**DATASET EXTRACT**

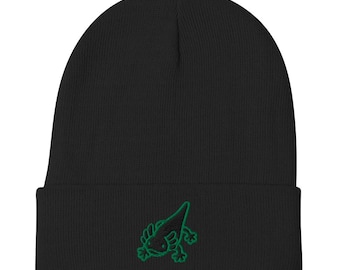 May include: Black beanie with a green embroidered axolotl design.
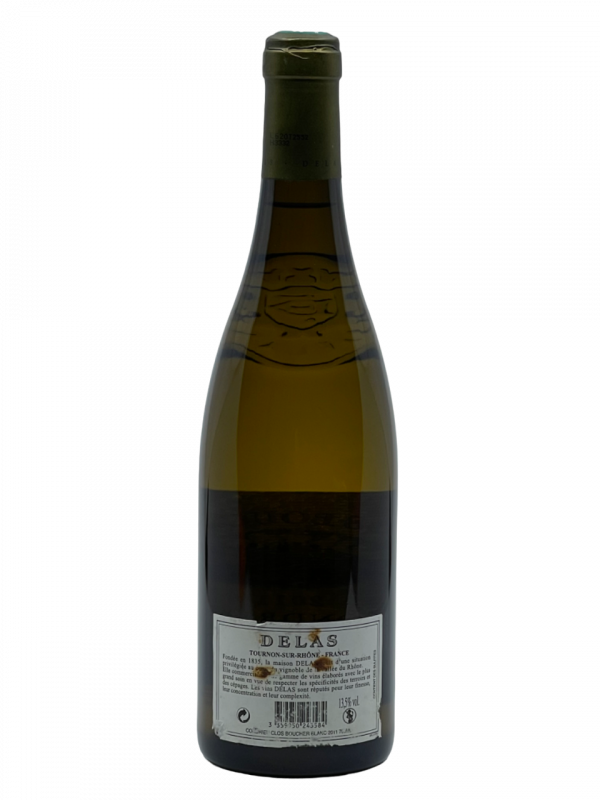 Rhône Condrieu Clos Boucher blanc Maison Delas Frères Champagne Deutz viognier cépage mythique rareté finesse domaine propriété hectare parcelle puissance terroir unique millésime années exceptionnelles production limité rendement faible rareté caractère précieux unique fruit soin sélection qualité supérieure millésime nez bouche attaque finale note arôme bouquet couleur robe reflets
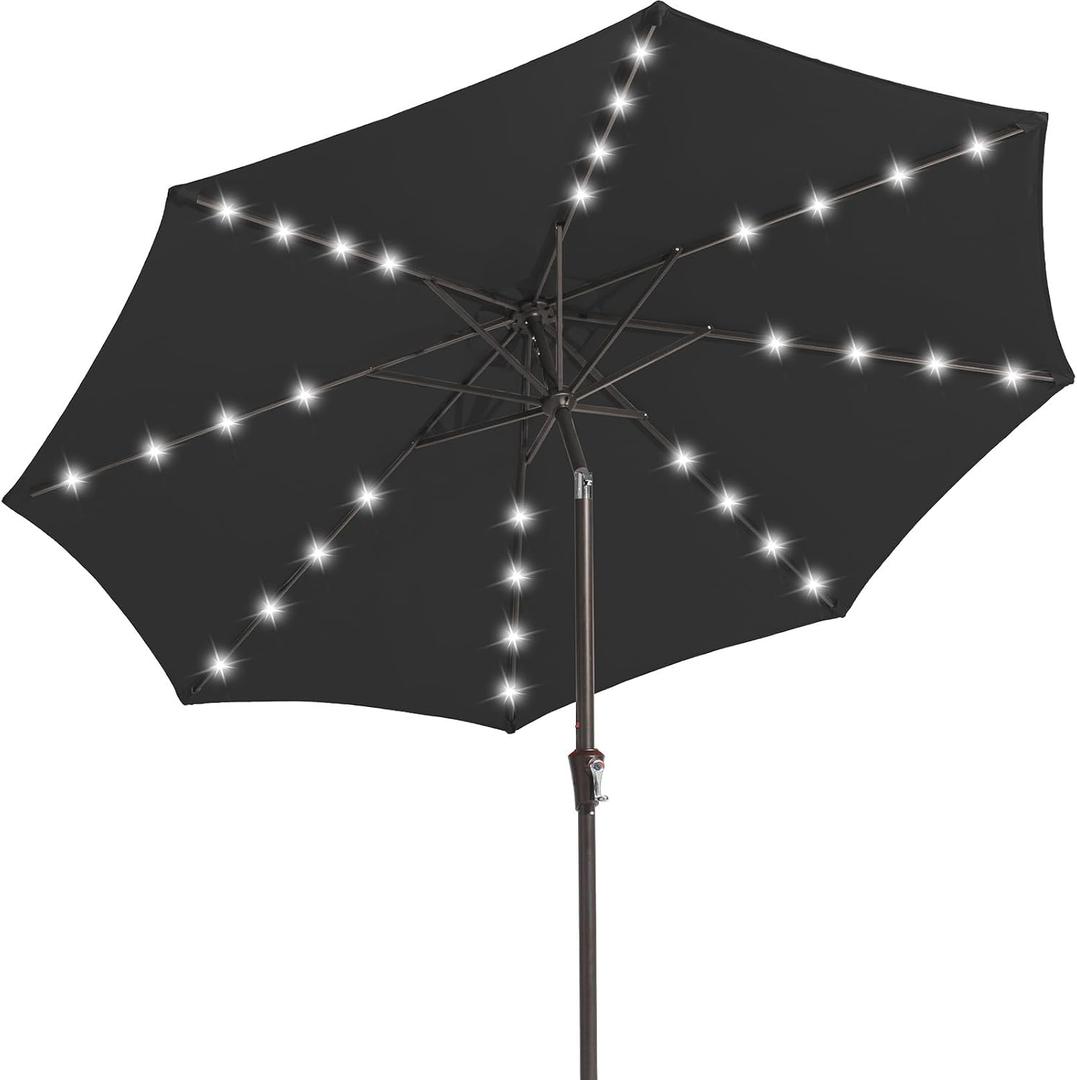 JEAREY 9FT Outdoor Patio Umbrella with Solar Lights, LED Lighted Pool Umbrella with Tilt and Crank, Outdoor Table Umbrellas for Deck, Yard & Market (Jet Black)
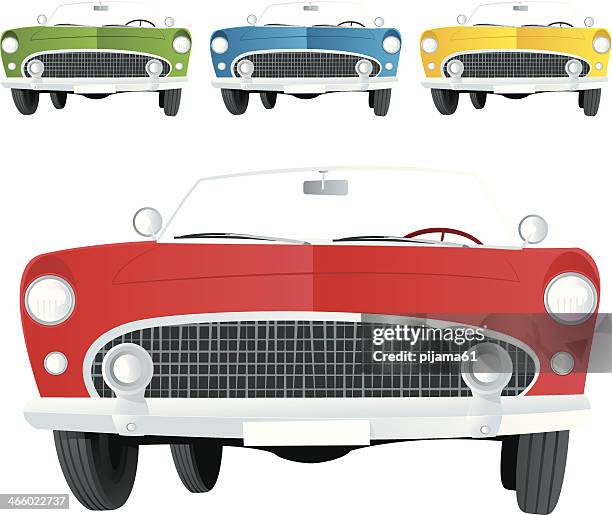 illustrazioni stock, clip art, cartoni animati e icone di tendenza di noleggio auto - auto convertibile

**REQUIRED ACTION**
Would you please set down the data above again exactly, without its pictures?

**REPLY TO THE EXERCISE**
 May include: Black beanie with a green embroidered axolotl design.
 Rhône Condrieu Clos Boucher blanc Maison Delas Frères Champagne Deutz viognier cépage mythique rareté finesse domaine propriété hectare parcelle puissance terroir unique millésime années exceptionnelles production limité rendement faible rareté caractère précieux unique fruit soin sélection qualité supérieure millésime nez bouche attaque finale note arôme bouquet couleur robe reflets
 JEAREY 9FT Outdoor Patio Umbrella with Solar Lights, LED Lighted Pool Umbrella with Tilt and Crank, Outdoor Table Umbrellas for Deck, Yard & Market (Jet Black)
 illustrazioni stock, clip art, cartoni animati e icone di tendenza di noleggio auto - auto convertibile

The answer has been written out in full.